Supplied records:
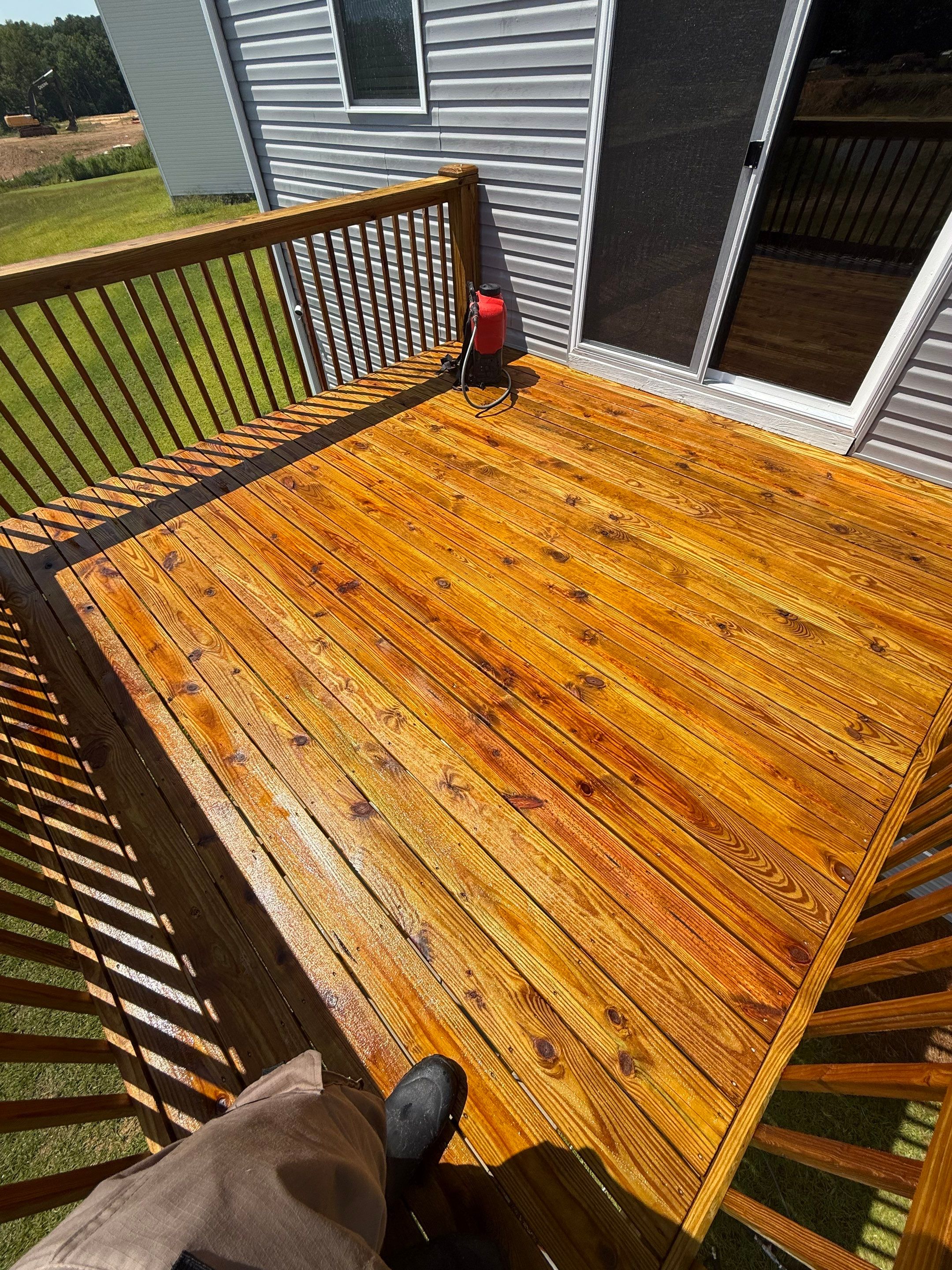 Wood Deck using Wood Sealant by DuraSeal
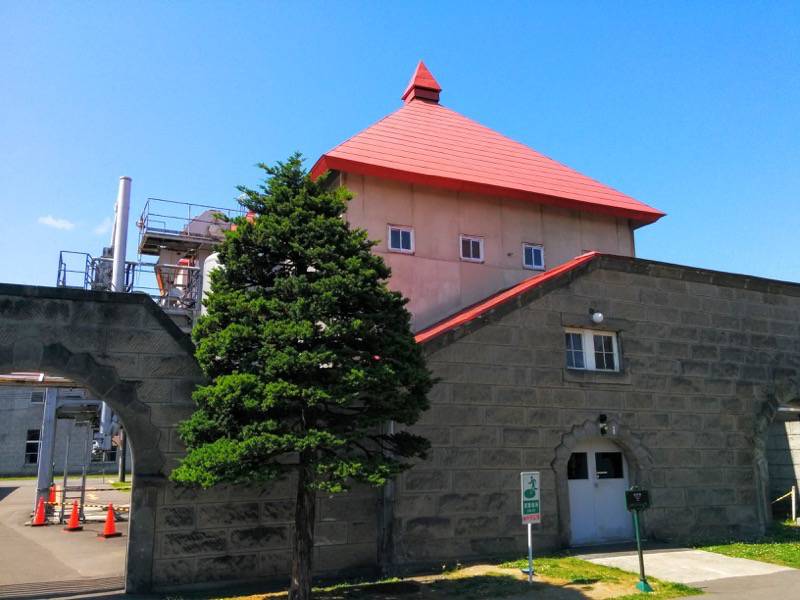 ニッカウヰスキー余市峡蒸溜所-粉砕・糖化塔1.jpg ニッカウヰスキー余市峡蒸溜所 粉砕 糖化塔1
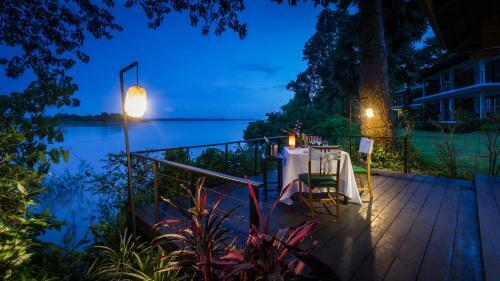Hotel The River Resort
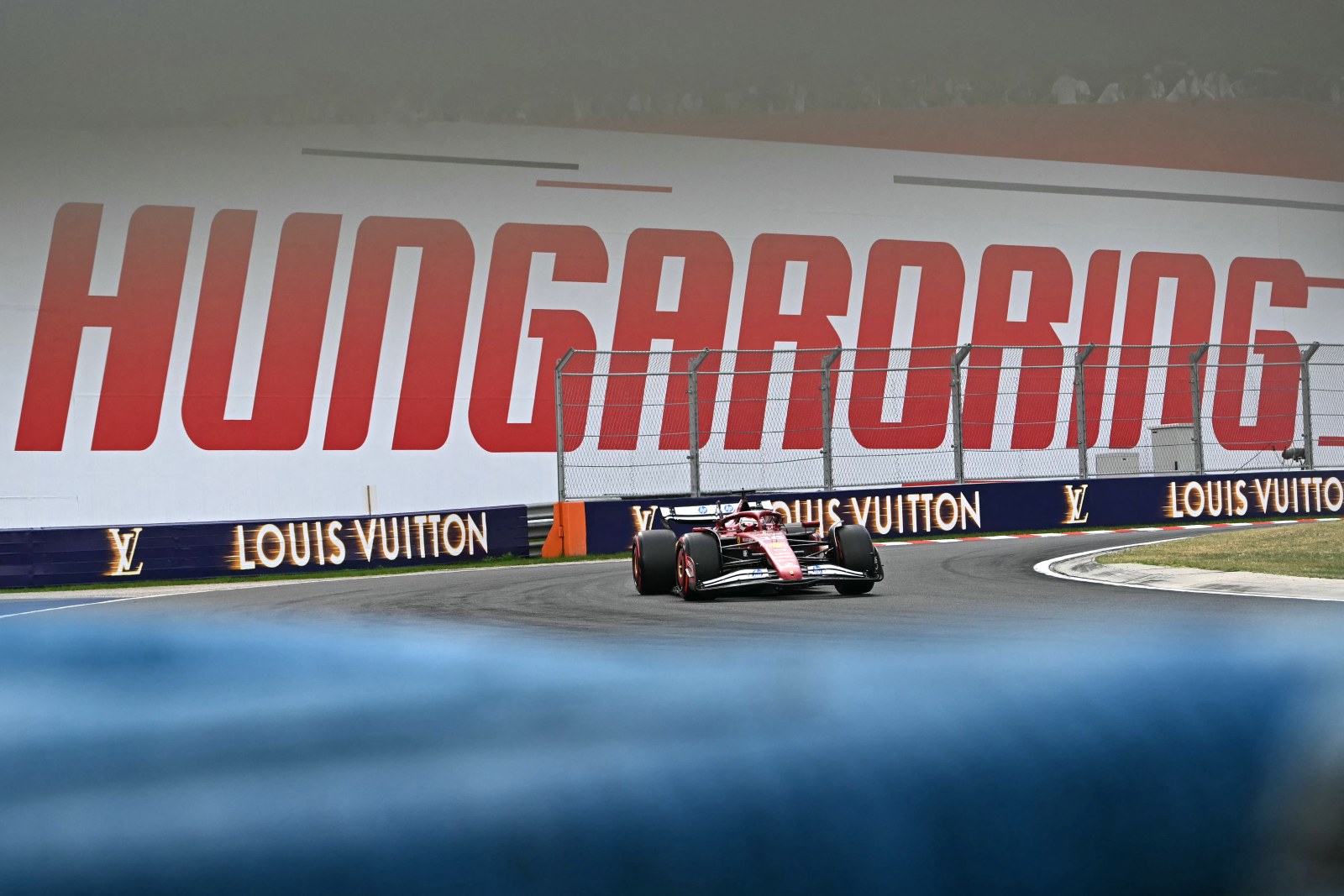Leclerc põe McLaren na roda e vira fiel da balança no duelo Piastri x Norris na Hungria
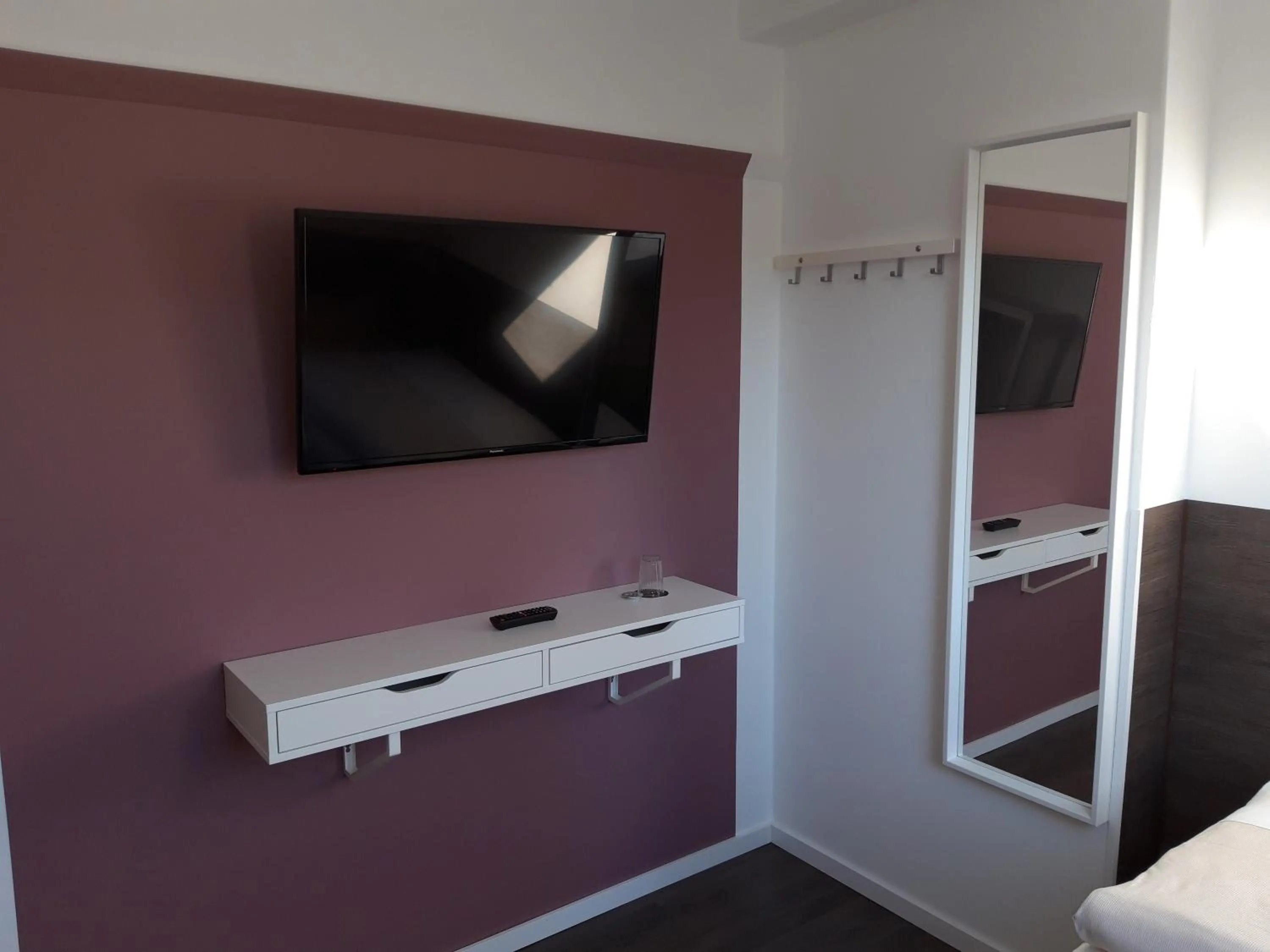 TV and multimedia, Bed in Hotel Weinert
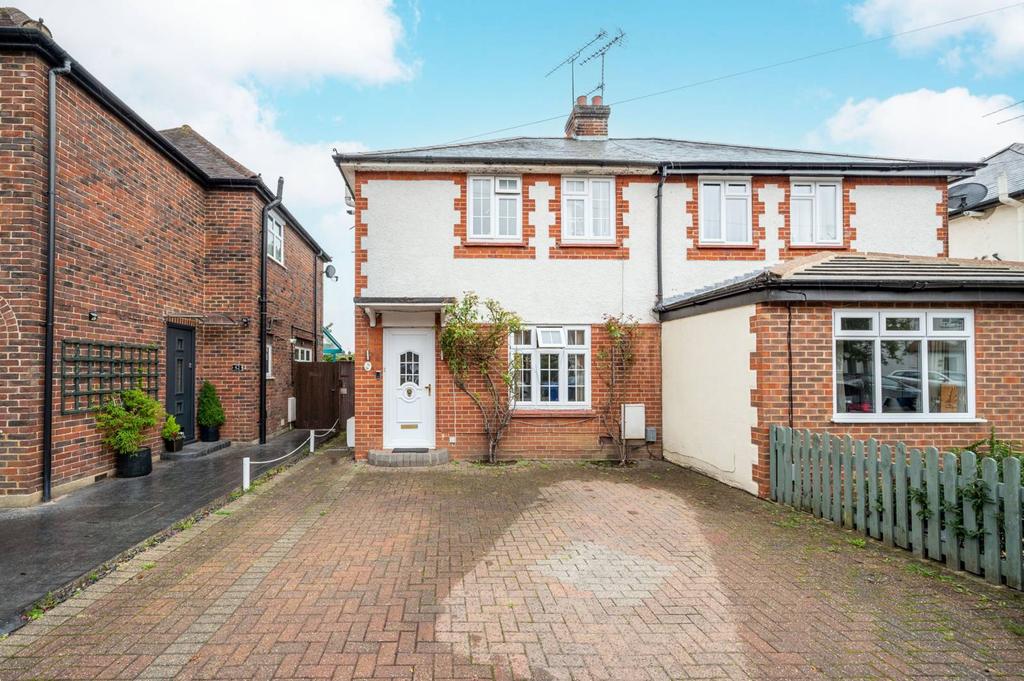 Russell Road, Horsell, Woking, GU21 3 bed semidetached house for sale
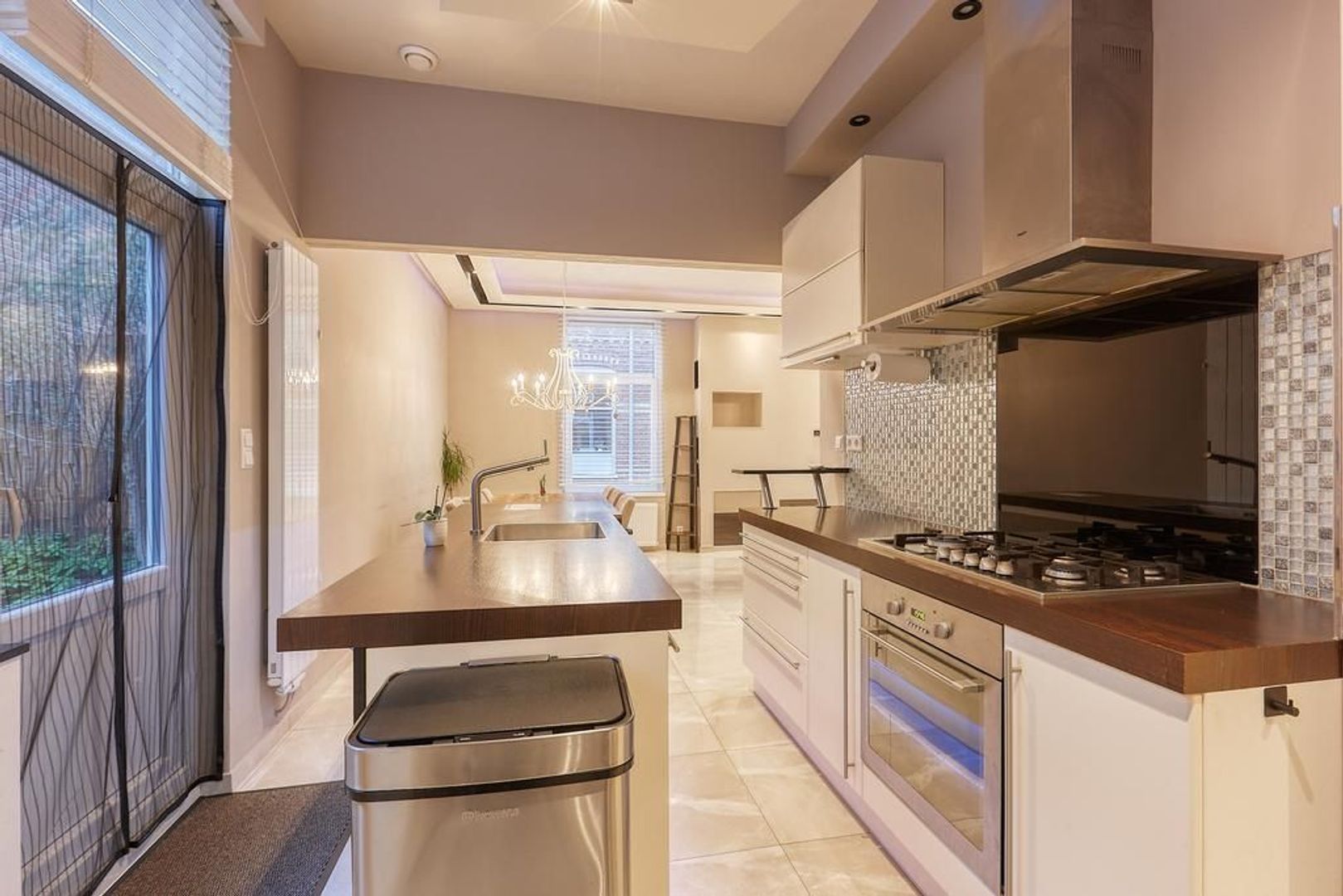 Maaswijkstraat, Den Haag foto-8 blur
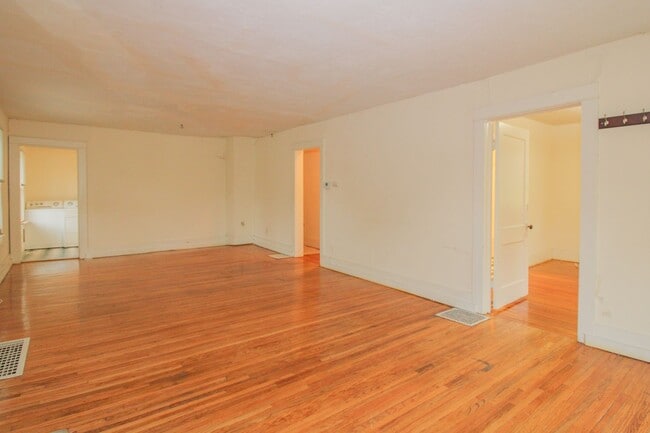Building Photo - 1721 Cliff Dr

Directions: In the listing, find the line with "TV and multimedia, Bed in Hotel Weinert" and retype exactly from there through the last line, both included, leaving the pictures out.

Exercise output:
 TV and multimedia, Bed in Hotel Weinert
 Russell Road, Horsell, Woking, GU21 3 bed semidetached house for sale
 Maaswijkstraat, Den Haag foto-8 blur
Building Photo - 1721 Cliff Dr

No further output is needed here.